Many people mistakenly believe that Cinco deMayo or the fifth of May is a celebration of Mexican independence, but it is a misconception. September 16, 1810 is the day that started the revolution by revolutionary priest Miguel Hidalgo y Costilla who is famous for his, “Grito de Dolores” (“Cry of Dolores”) speech against colonial government Spain.
Cinco de Mayo commemorates the Mexican army’s 1862 victory over France at the Battle of Puebla during the Franco-Mexican War (1861-1867).
Mexican President Benito Juárez who took over during a time of financial crisis and he could not repay his debts to his debtors of the European governments. France, Europe and Spain then sent naval troops to Veracruz to demand repayment. French president Napoleon III used this as an opportunity to overthrow the Mexican government, when Britain and Spain learned of Napoleon’s true nature they negotiated with Mexico and withdrew. Napoleon proceeded with his attack.

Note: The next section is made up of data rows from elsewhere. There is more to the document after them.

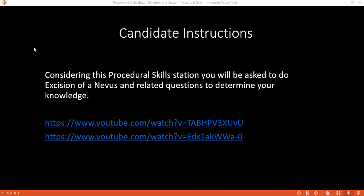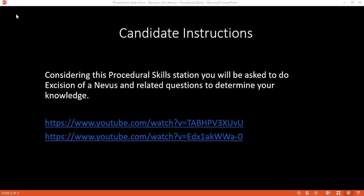If you have read and understood considering the procedural skills station, can we begin? Yes, ma'am.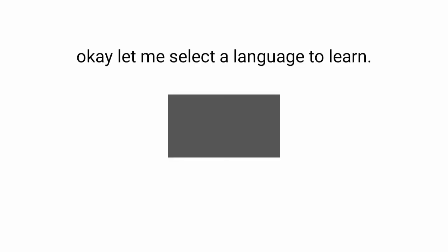Later that day. OK, let me select a language to learn. Spanish, of course.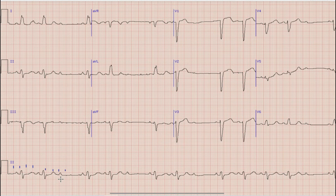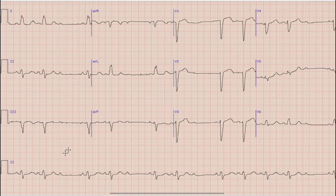For this P wave to be a premature atrial contraction it should come earlier than the normal P wave. But here we can see that the second P wave is almost at the same rate as compared to the previous two P waves. So we can say with certainty that this is not a premature atrial contraction — this is a normal sinus beat which is not being conducted to the ventricles.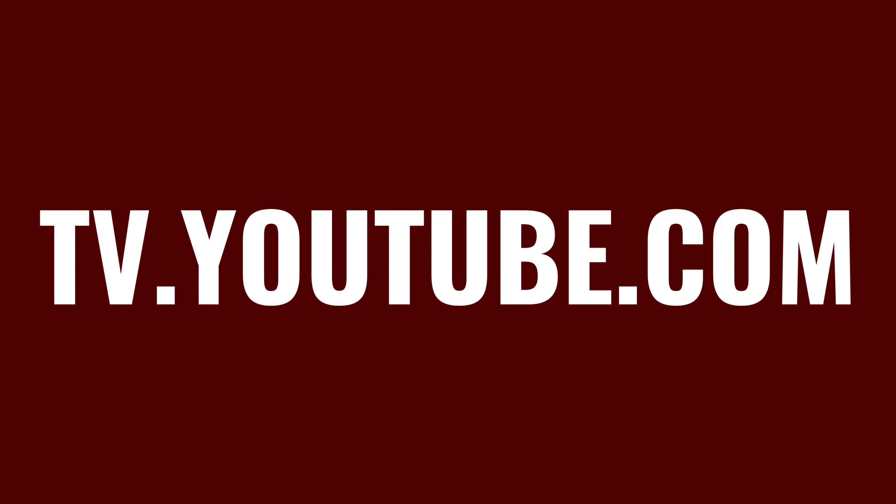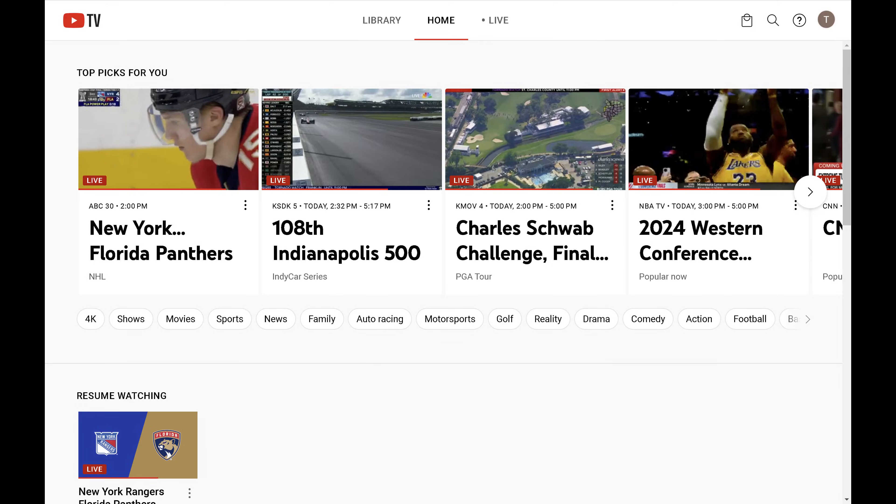Step 1. Open a web browser, navigate to tv.youtube.com, and then sign in to your YouTube TV account if prompted. You'll land on your YouTube TV home screen.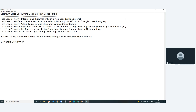Student answers: 'It's a test technique, sir.' Instructor responds: No. What is data-driven testing? Can you tell me, Srinivas? You have more experience in software testing. Is it a test level, test type, or test technique, or something?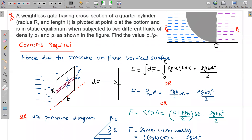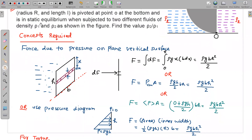Since the gate is hinged, we need to balance forces and torques. If we take torque about this hinge point, there is no need to consider reaction forces. So ultimately we will balance the torques, and by balancing torques we can find the density ratio. Let us first see the concepts required, and then move to the solution of this problem.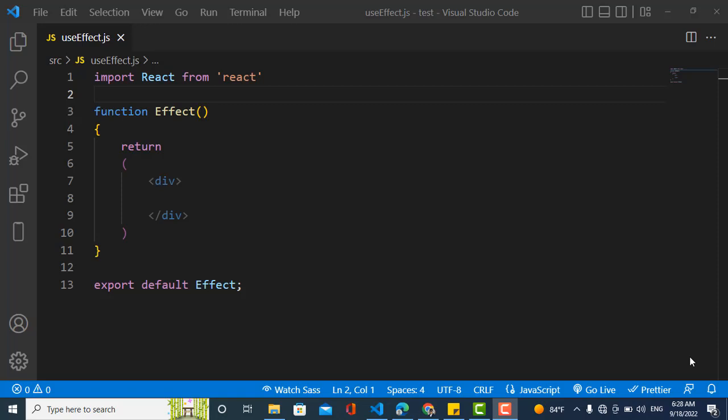The common side effects we have are: making requests to an API when you'd like to fetch data from a backend server; interacting with the browser, such as working with the window object; and using unpredictable timing functions like setTimeout and setInterval. These are the common side effects we'll use useEffect for.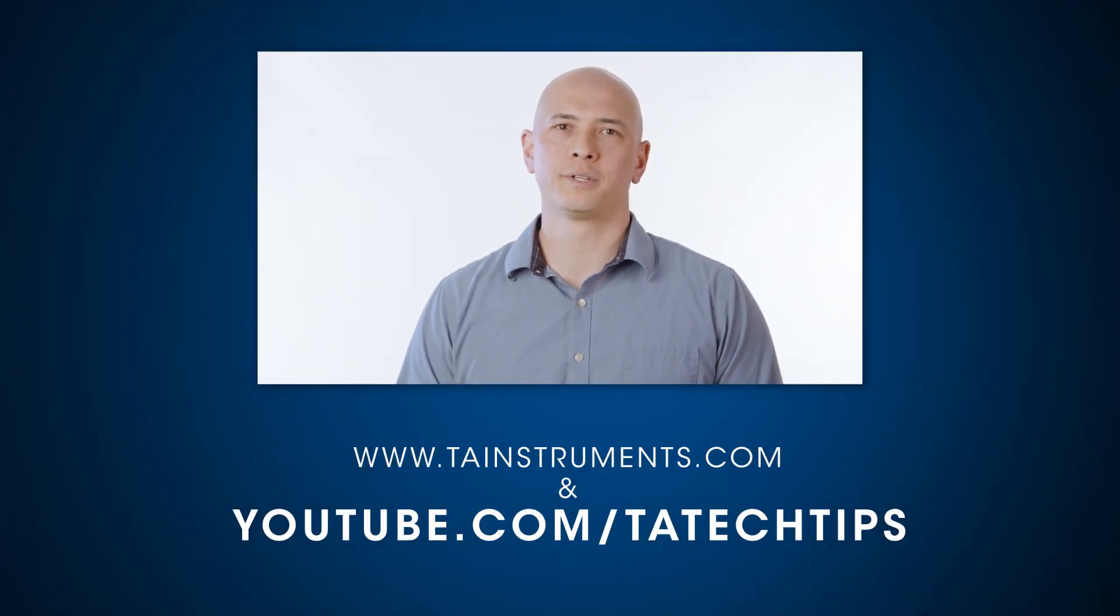In this tech tip, we showed you how to set up experiments on your X3 DSC. Please stay tuned for more helpful tips from TA Instruments, and thank you for your interest.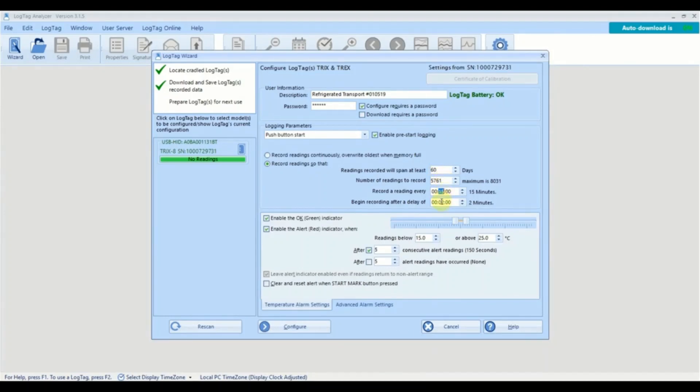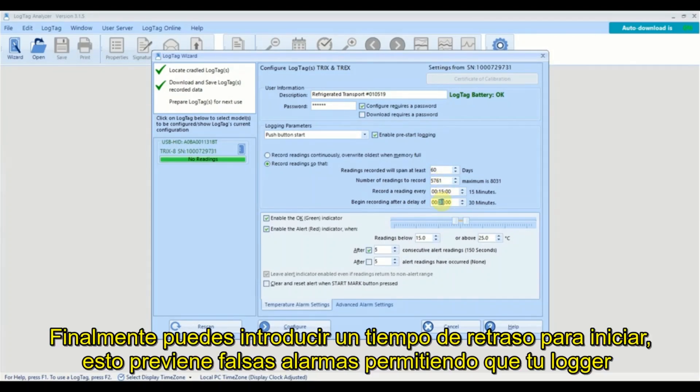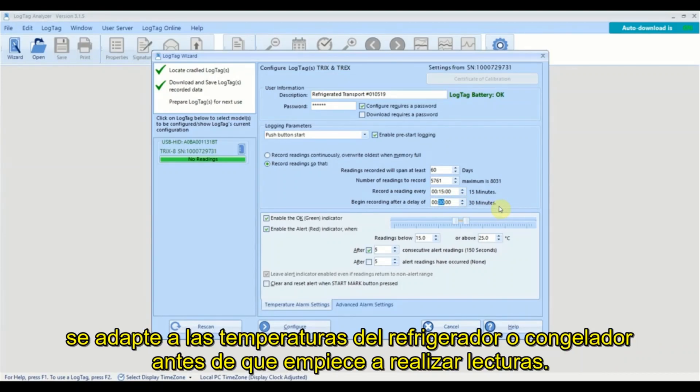Finally, you can enter in a start delay. Adding a start delay helps prevent false alarms by allowing your logger to adjust to the fridge or freezer temperature before recording starts.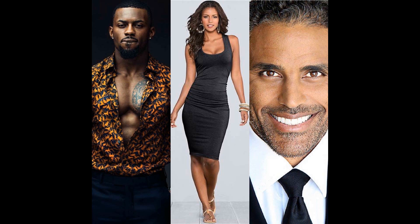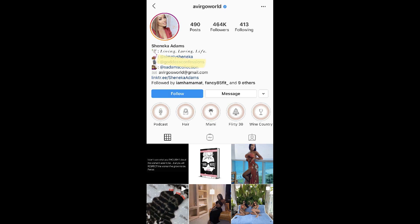So gentlemen, let's get into today's case study. Today's case study is a blue checkmark — a certified personality from Instagram. First name is Shamika, last name starts with an A. This is a socialite from the Atlanta area.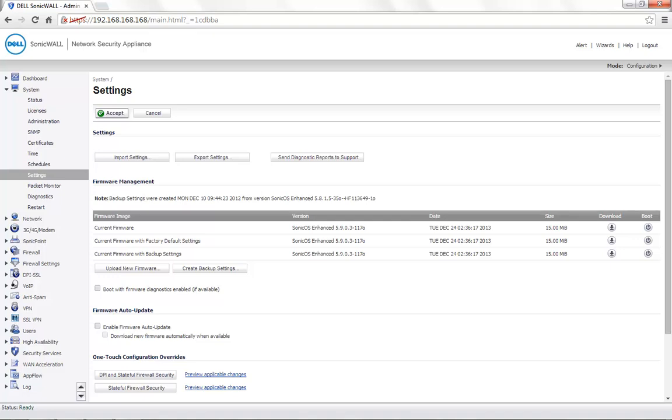This settings file can later be used on any firmware version which is equivalent to the one that's on the SonicWall at this point of time or any higher firmware version. You need to note that the exported settings will not work on a lower firmware version.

It was the fifth of May 1862 that General Ignacio Zaragoza fought in the Battle of Puebla against the French, killing 1000 French troops causing the French troops to retreat that day. This would be the day that many Mexicans would remember, a day of victory over the French!
Many Americans celebrates this day with festivals that include traditional dishes like tacos al pastor and tinga poblana de pollo, dances along with music like the mariachi that includes violins, guitars, basses, vihuelas, which is a 5 string guitar and trumpets. The celebration is not only traditional but cultural and spiritual, with the women wearing the beautiful colorful dresses and the men with their wide brimmed hats it is truly a sight to see that you will enjoy.